シャッター速度を抑えたい(スローシャッター)時、通常はレンズにNDフィルター(減光フィルター)を装着します。一方の「ライブND」は「NDフィルターを装着せずとも装着したのと同等の効果を疑似的にカメラ内で生成してくれる機能」です。
実際のフローはシャッターボタンを押すと連写で複数枚の画像が撮影され、これらがカメラ内で自動合成⇨スローシャッター撮影効果を疑似的に得ることです。
そもそもに「ND」とは?
NDフィルターの”ND”とは”Neutral Density“「中性濃度」の意味。フィルターの光学濃度を高くすることにより光量を落としてくれるフィルター。要は「色彩に対する影響はなるべく抑えつつ、透過光のみ落としてシャッタースピードを遅らせる」ということです。NDフィルターの効果については以下の記事でご紹介していますのでよろしかったらご覧ください。
不精な私はフィルターを持たずに撮影に出掛けることが多いのですが、無いときに限ってNDフィルターを使用したくなることが・・・。こんな時にオリンパスの「ライブND」機能は結構頼りになる存在。「ライブND」の凄いポイントを以下にまとめました。
ライブNDのここが凄い!
設定方法 E-M1 Mark IIIの場合
注意点
AやPモードだと【ライブND撮影】の項目がグレイアウトで使用出来ない
【撮影メニュー 2】⇨【ライブND撮影】を選択し、【On】を選択
ND段数設定
ここでスローシャッター撮影の程度を設定します。冒頭にも書きましたが1段(1EV)〜5段(5EV)の設定が可能です。
【ND段数】で任意のND段数を選択します。
LVシュミレーション設定
この機能を【On】にすることにより、「ライブND撮影」する際の減光効果を擬似的に確認することが出来ます。
- 【On】設定されたND段数に応じたシャッタースピードでの画像が表示
- 【Off】通常のシャッタースピードで画像が表示
【LVシュミレーション】の設定
【ON】の場合
【LVシュミレーション】の設定
【OFF】の場合
「LVシュミレーション」は一度は【ON】でお試しあれ。仕上がりが擬似的に確認出来て面白いです。何度か撮影していると大体感覚が掴めるので、後は【OFF】で良いと思います。
【OK】ボタンで確定していき最後に【ライブND撮影】の項目が【ON】になっていることを確認。

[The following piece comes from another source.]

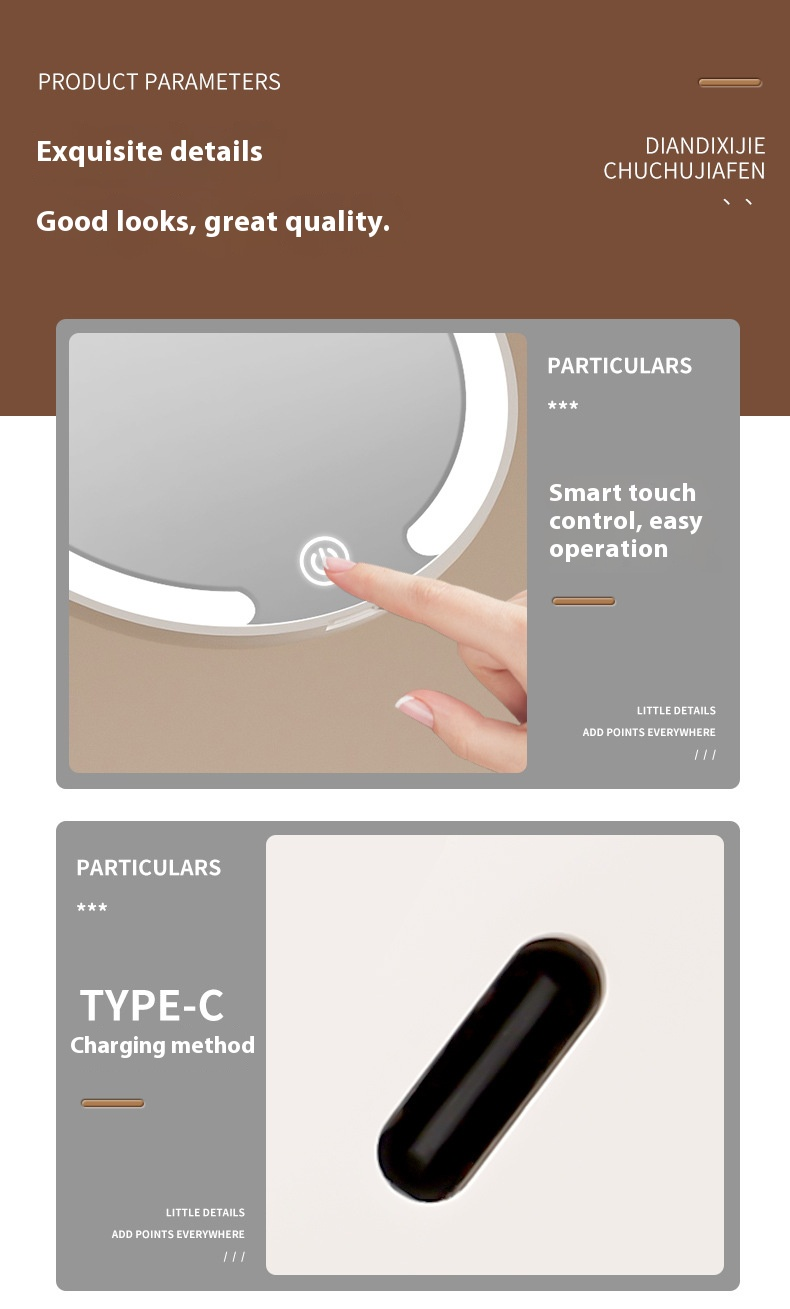 Eleganter, personalisierter Geschenkspiegel mit LED-Licht – kompakt und stilvoll für Zuhause, Büro und unterwegs (80 mm Durchmesser, ABS-Rahmen)_voghion.com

設定したつもりでも意外と【OFF】になったままなので要注意
カメラが多機能になってくるとメニュー階層が深くて設定がちょっと大変だね。良く使う場合は「カスタムモードC」にカスタム登録しておこう!
試写
作例と言うよりは単なる試写データをご覧下さい。近場の沢で撮影しました。大体の雰囲気はつかめるかと思います。

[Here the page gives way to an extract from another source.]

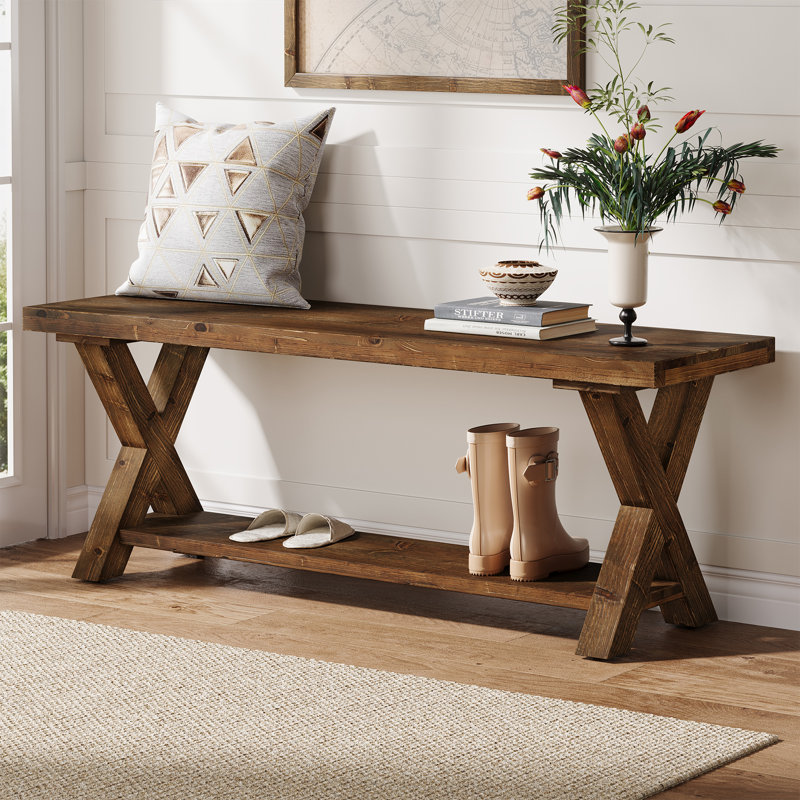 43.3" W Solid Wood Storage Bench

(画像をクリックするとFlickrで拡大画像がご覧になれます。)
ND効果なし M.12-100mm F4.0 ƒ/11.0 57.0 mm SS0.8 ISO100
ND2 (1EV) M.12-100mm F4.0 ƒ/11.0 57.0 mm SS1.6 ISO100
ND4 (2EV) OLYMPUS M.12-100mm F4.0 ƒ/11.0 57.0 mm SS3.2 ISO100
ND8 (3EV) M.12-100mm F4.0 ƒ/11.0 57.0 mm SS6 ISO100
ND16(4EV) M.12-100mm F4.0 ƒ/11.0 57.0 mm SS13 ISO100
ND32(5EV) M.12-100mm F4.0 ƒ/11.0 57.0 mm SS25 ISO100
今回は三脚を使用しましたが、オリンパス機は手振れ補正が強力なので今回の撮影状況であれば手持ちでND2(頑張ればND4)で撮影できるのは凄いことですね。
(基本的には三脚の使用をお勧めします)
ND32(5EV) M.12-100mm F4.0 ƒ/8.0 57.0 mm SS30 ISO100
NDフィルターを併用し「ライブND」撮影も可
NDフィルターを装着して「ライブND」撮影も可能。ピーカンの中ND8だけだと減光が不足する場合も有るんですよね。そんな時「ライブND」を併用して撮影出来るのはかなり便利。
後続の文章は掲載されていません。